## Exercise directions:
Go through the lines below and repeat each one exactly, skipping pictures.

--- Data shown Enclosed Below ---

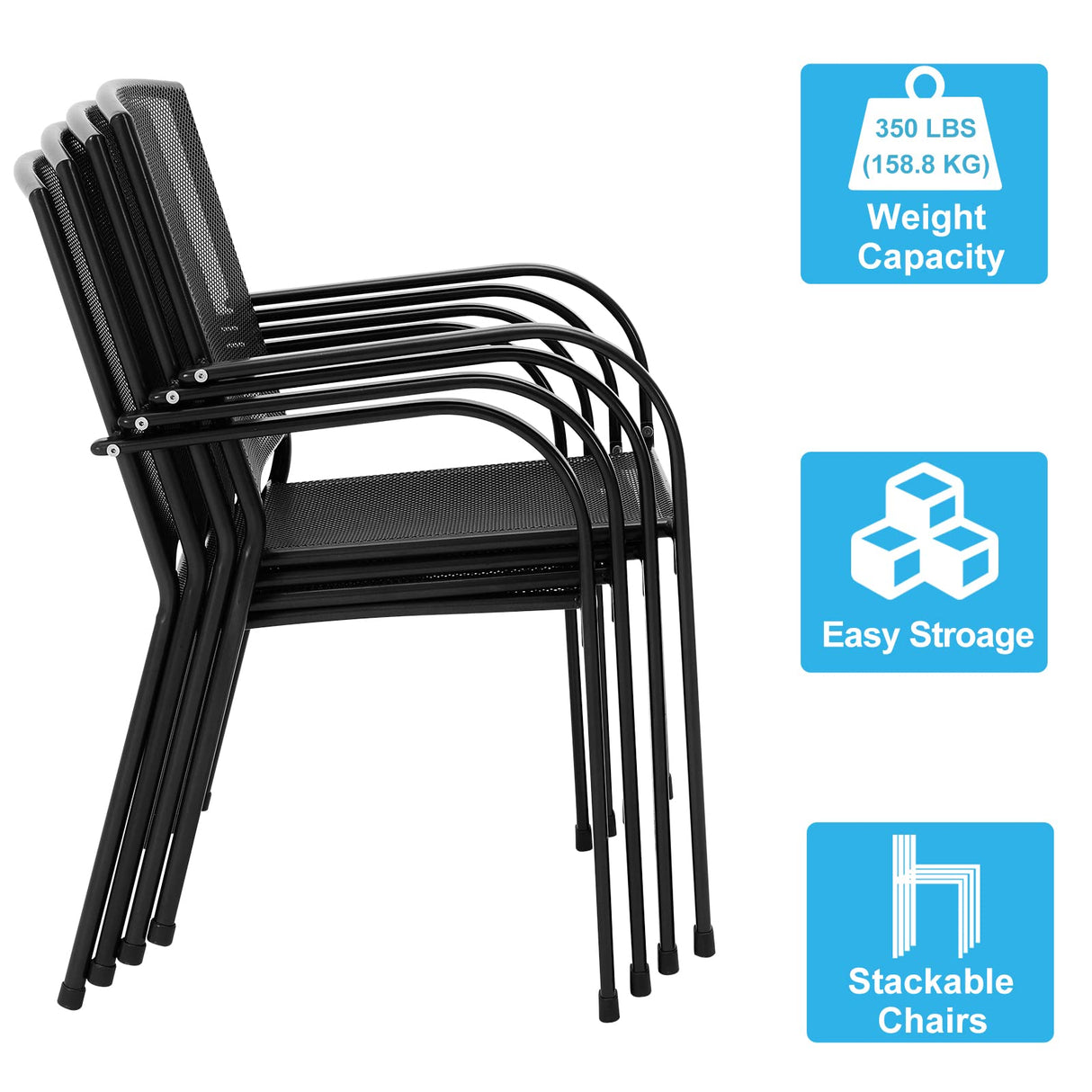 AECOJOY 5 Piece Outdoor Table and Chair, Patio Outdoor Dining Set with 1.73" Umbrella Hole, Patio Table and Chair Set of 4 for Garden,Bistro,Deck AECOJOY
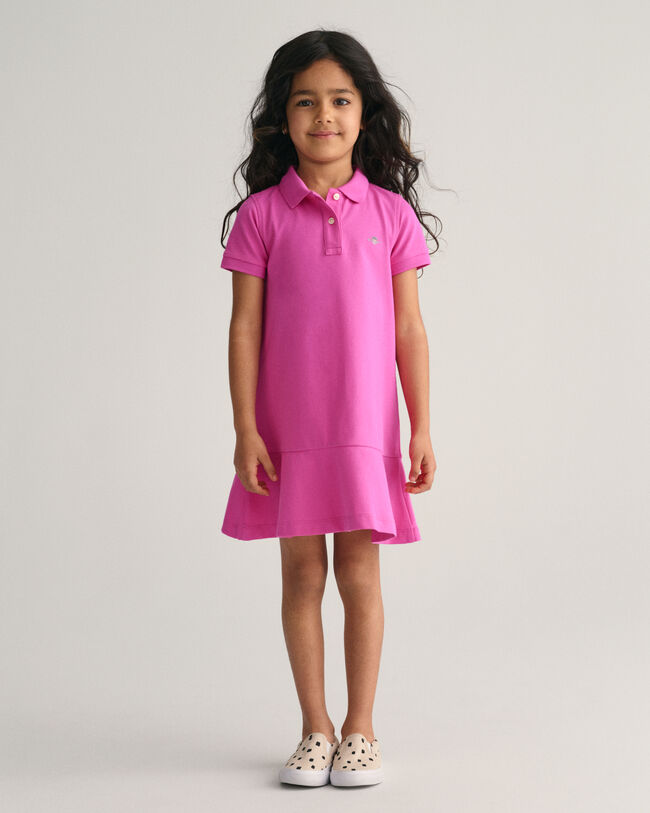 Girls Piqu&eacute; Flounce Kurzarmkleid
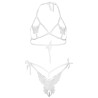ensemble deux pièces soutien-gorge et culotte papillons & perles taille unique - blanc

--- End of Enclosed Data shown ---

## Task solution:
 AECOJOY 5 Piece Outdoor Table and Chair, Patio Outdoor Dining Set with 1.73" Umbrella Hole, Patio Table and Chair Set of 4 for Garden,Bistro,Deck AECOJOY
 Girls Piqu&eacute; Flounce Kurzarmkleid
ensemble deux pièces soutien-gorge et culotte papillons & perles taille unique - blanc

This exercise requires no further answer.